Борька подумал, что такие школы очень нужны. Но это уж когда-то потом случится, и другие люди в тех школах будут учить. Тут бы с руками совладать, чтоб в нужный момент прицел браунинга и пулемета куда попало дрожь не уводила.
* * *
Литейный проспект, конспиративная квартира Центра
Три дня до дня Х.
...— Не сомневайтесь, рука не дрогнет! — кратко заверил Алексей Иванович.
— Вся надежда на вас! — повторил представитель Центра. — Наши дела не остаются незамеченными, с вас берут пример многие честные люди. Строго между нами могу намекнуть — уже формируются добровольческие офицерские отряды. Даст Бог, успеем, предотвратим катастрофу. К сожалению, мерзавцы в Смольном учуяли опасность.
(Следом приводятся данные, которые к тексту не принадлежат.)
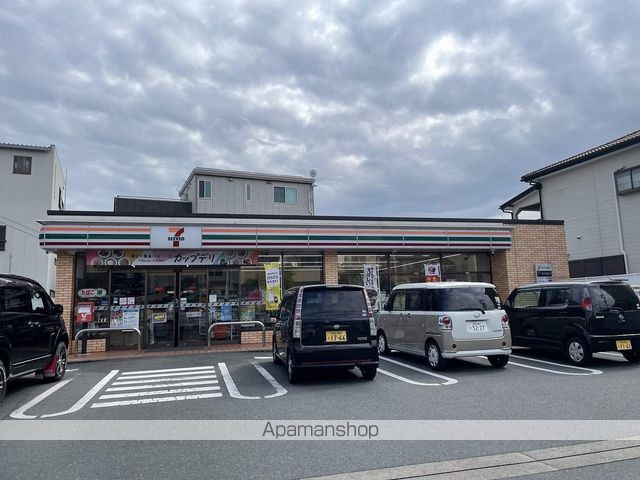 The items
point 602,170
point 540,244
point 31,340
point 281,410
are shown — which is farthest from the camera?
point 602,170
Только что совершено нападение на генерала Полковникова. По счастливому стечению обстоятельств сам генерал не пострадал. Нападающие хладнокровно расстреляли его охрану, но Георгия Павловича в экипаже не было. Спешат большевики, ошибаются.
— Помилуйте, но этот ваш Полковников... — Алексей Иванович сочно выругался. — Трусливое временное ничтожество, а не главнокомандующий округом[1]!
— И все же именно в его подчинении ударные батальоны, ему верят казаки, у него есть орудия. Ах, нам бы две-три батареи и решительных командиров! Будем надеяться, Полковников решится и твердо встанет на сторону спасителей Отечества. Но сейчас не об этом, дорогой наш Понедельник. Мы имеем сведения о мерах, предпринимаемых большевиками... — представитель Центра, представляющийся кличкой 'Гид', огляделся и понизил голос. — Откровенно говоря, в подобное коварство ВРК трудно поверить...
Алексей Иванович старался не морщиться. К чему эта театральность, эта манера поминутно озираться? Центр пытается свершить невозможное — спасти гибнущую Россию, а его представители похожи на провинциальных актеришек. Конечно, это обманчивое впечатление — Гид чрезвычайно осведомлен и по-своему весьма неглуп. Но манеры... Естественно, люди с физическими изъянами склонны к экзальтации, но не да такой же степени. К чему переходить на шепот, если в комнате лишь трое — еще один представитель Центра, устроившийся за письменным столом, полностью сосредоточен на карте города, коротко чиркает карандашом, кстати, очень недурственным карандашом.
— Мы хотели просить вашу группу заняться этим делом, — продолжал Гид. — Никого более надежного Центру не найти, а ошибиться в подобном вопросе — смерти подобно. Понимаю, задание не по вашему профилю, сугубо разведывательное.
— Давайте-ка к сути дела, — потребовал Алексей Иванович, доставая портсигар...
...— Быть такого не может! Даже эти варвары на такое не пойдут, — Понедельник не глядя, давил едва начатую папиросу в пепельнице, пепел пачкал ногти. — Немыслимо! Чудовищно!
— Да, скифы — вы! Да, азиаты — вы, с раскосыми и жадными очами! — внезапно и скорбно продекламировал Гид. — Увы, нам придется поверить в самое страшное.
Несмотря на шок от чудовищной новости, к счастью, еще не подтвержденной, Алексей Иванович в изумлении уставился на собеседника[2]. Продекламированная строфа не звучала идеально — чего-то в ней не хватало. Но образ, отточенный, яркий, внезапный... Дикие скифы — именно! Да-да!